歯周病はアルツハイマー型認知症を悪化させる?

超高齢社会を迎えている日本ではアルツハイマー型認知症患者が増え続けています。2018年に日本歯周病学会会誌に非常に興味深い記事がまとめられていました。その内容を以下に要約します。

近年になって歯周病とアルツハイマー病に関する疫学調査が盛んに行われるようになり、健常者と比較し、アルツハイマー病患者では歯周病原細菌に対する抗体価が有意に増加していることが確認されている。また、アルツハイマー病患者の脳内からリポ多糖(LPS)が検出され、LPSによってミクログリア(脳内で免疫防御を担う)が活性化され、脳炎症およびAβ(Aβはアミロイドベータの略。脳内に蓄積し、アルツハイマー病に重大な影響を与えるアミノ酸ペプチド)の産生・蓄積ならびに認知機能障害を引き起こすことが報告されている。アルツハイマー病モデルマウスの口腔内に直接LPSを投与し、実験的歯周炎を作成。さらに、マウスの認知機能を評価するために新奇物体認識試験を行い、LPS投与群と非投与群間で比較した。その結果、LPS投与群の認知機能が非投与群と比較し、著しく低下していた。また、マウスの脳を解析したところ、LPS経口投与群では非投与群と比較し、マウス脳内のAβ沈着量増加、炎症性サイトカイン(炎症を起こす物質)の産生量増加、LPS濃度上昇が認められ、本研究により、歯周病がアルツハイマー病の病態に与える影響とそのメカニズムの一端を示した。

アルツハイマー型認知症患者の脳内へのAβ(アミロイドベータ)の沈着や老人斑の形成は認知機能障害を発症する15~20年以上前の40歳代前半から始まっている。この年代は我が国における歯周病の発症率が増加する年代と一致することから、同時期の歯周病をコントロールすることでアルツハイマー病発症時期を遅延させたり、発症後の重症化を軽減できる可能性がある。

さらに、これまでの研究により糖尿病がアルツハイマー病のリスクファクター(危険因子)となることが判明しており、また、歯周病と糖尿病の関連性についても相互の相関関係も強く示唆されている。以上のことから,歯周病が糖尿病を悪化させることによってアルツハイマー病の病態を悪化させる可能性も考えられ、歯周病、糖尿病、アルツハイマー病の三者による負のスパイラルが形成される可能性がある。

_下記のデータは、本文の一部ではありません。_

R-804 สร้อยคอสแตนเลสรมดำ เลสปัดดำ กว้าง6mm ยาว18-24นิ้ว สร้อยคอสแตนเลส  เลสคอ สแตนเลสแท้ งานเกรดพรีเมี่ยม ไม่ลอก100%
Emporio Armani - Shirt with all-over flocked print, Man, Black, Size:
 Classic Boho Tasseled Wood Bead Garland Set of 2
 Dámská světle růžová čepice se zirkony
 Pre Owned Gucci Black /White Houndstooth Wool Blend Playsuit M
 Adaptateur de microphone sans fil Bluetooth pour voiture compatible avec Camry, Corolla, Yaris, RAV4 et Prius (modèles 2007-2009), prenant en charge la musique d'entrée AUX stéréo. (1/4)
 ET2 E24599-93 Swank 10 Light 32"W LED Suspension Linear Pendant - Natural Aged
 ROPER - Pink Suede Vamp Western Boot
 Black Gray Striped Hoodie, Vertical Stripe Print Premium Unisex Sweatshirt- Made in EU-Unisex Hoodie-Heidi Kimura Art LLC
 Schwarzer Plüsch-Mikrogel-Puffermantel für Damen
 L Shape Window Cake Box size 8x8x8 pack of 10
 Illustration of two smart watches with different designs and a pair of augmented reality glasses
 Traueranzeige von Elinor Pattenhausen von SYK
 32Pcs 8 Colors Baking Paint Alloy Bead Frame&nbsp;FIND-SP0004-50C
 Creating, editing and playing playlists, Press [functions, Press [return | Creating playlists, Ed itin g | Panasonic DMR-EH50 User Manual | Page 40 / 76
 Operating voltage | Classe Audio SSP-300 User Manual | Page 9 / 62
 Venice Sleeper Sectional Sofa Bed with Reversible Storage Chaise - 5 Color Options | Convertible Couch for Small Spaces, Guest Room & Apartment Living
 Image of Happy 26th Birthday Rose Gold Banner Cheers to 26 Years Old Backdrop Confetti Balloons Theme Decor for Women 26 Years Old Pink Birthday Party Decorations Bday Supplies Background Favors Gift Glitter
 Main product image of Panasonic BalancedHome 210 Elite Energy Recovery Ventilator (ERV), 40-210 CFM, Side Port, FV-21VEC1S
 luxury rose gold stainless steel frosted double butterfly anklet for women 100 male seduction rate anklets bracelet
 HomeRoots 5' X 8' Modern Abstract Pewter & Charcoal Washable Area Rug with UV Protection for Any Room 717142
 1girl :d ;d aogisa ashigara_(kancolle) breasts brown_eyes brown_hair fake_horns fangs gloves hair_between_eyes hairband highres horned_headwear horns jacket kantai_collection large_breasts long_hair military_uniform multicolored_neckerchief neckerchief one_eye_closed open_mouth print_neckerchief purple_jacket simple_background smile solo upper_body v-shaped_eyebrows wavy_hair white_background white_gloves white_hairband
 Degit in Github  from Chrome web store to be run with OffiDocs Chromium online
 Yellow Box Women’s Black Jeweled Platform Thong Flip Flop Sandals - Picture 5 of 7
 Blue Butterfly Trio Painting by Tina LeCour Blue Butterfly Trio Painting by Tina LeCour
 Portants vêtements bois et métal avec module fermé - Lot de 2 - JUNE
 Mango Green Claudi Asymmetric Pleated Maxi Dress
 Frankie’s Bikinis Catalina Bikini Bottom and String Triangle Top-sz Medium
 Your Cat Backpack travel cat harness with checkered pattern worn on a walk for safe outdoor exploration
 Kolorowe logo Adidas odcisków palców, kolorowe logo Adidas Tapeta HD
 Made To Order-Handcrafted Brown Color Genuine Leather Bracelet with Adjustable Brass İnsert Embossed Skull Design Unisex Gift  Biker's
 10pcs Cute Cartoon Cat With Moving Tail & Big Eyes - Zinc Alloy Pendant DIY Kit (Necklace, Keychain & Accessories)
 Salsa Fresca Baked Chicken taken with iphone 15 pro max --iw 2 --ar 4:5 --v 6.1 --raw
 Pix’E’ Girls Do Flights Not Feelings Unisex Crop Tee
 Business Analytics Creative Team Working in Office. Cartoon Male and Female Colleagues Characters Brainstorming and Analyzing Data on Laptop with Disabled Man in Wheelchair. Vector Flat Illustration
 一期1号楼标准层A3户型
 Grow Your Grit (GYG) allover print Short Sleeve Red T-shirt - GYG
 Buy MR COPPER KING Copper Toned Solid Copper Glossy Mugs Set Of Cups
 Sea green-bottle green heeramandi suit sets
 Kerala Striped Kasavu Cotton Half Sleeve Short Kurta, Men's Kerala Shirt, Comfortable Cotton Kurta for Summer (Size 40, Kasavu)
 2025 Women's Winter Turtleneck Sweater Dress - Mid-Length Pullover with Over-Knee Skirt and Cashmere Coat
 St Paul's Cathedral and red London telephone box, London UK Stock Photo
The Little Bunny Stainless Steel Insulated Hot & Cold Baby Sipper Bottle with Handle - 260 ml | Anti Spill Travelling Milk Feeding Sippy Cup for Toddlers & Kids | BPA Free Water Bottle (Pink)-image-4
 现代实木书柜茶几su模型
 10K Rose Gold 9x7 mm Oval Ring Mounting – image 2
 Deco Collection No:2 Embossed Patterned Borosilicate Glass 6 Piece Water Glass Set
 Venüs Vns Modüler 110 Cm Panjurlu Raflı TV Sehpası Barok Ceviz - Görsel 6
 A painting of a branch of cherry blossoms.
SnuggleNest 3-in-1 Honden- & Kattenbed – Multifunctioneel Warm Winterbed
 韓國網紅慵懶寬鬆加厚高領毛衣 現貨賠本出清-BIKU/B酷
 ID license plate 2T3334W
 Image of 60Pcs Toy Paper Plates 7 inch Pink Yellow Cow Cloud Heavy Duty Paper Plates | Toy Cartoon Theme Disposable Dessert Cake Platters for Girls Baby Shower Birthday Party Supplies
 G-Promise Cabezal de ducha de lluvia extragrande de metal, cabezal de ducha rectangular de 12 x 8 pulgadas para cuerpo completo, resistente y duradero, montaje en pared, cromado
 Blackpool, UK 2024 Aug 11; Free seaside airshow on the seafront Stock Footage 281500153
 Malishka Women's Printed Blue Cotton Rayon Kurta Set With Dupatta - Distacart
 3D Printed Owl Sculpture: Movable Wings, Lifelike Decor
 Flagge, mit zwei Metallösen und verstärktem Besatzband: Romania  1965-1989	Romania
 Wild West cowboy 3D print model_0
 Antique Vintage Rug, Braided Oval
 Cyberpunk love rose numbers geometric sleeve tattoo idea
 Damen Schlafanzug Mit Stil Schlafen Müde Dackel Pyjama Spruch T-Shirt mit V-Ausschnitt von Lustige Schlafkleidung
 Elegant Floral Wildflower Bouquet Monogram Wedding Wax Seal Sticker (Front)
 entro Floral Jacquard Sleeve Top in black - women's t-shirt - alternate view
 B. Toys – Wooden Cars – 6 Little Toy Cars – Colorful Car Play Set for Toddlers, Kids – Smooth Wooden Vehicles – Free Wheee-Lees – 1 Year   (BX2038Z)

今後、詳細なメカニズムの解明やヒト介入試験等での検討など、さらにデータが蓄積され両者の因果関係が明確になることによって、歯周病がアルツハイマー病のリスクファクターの一つとして認知されるものと考えられる。

なお、店主は20年以上前より3ヶ月に1回、行きつけの歯科クリニックにて歯の「クリーニング」をしてもらっています。将来、中高年者が定期的に歯のクリーニングをすることが強く推奨され、結果としてアルツハイマー病や種々の生活習慣病の予防につながり、医療費ならびに介護費を大幅に削減できる時代が来るかもしれません。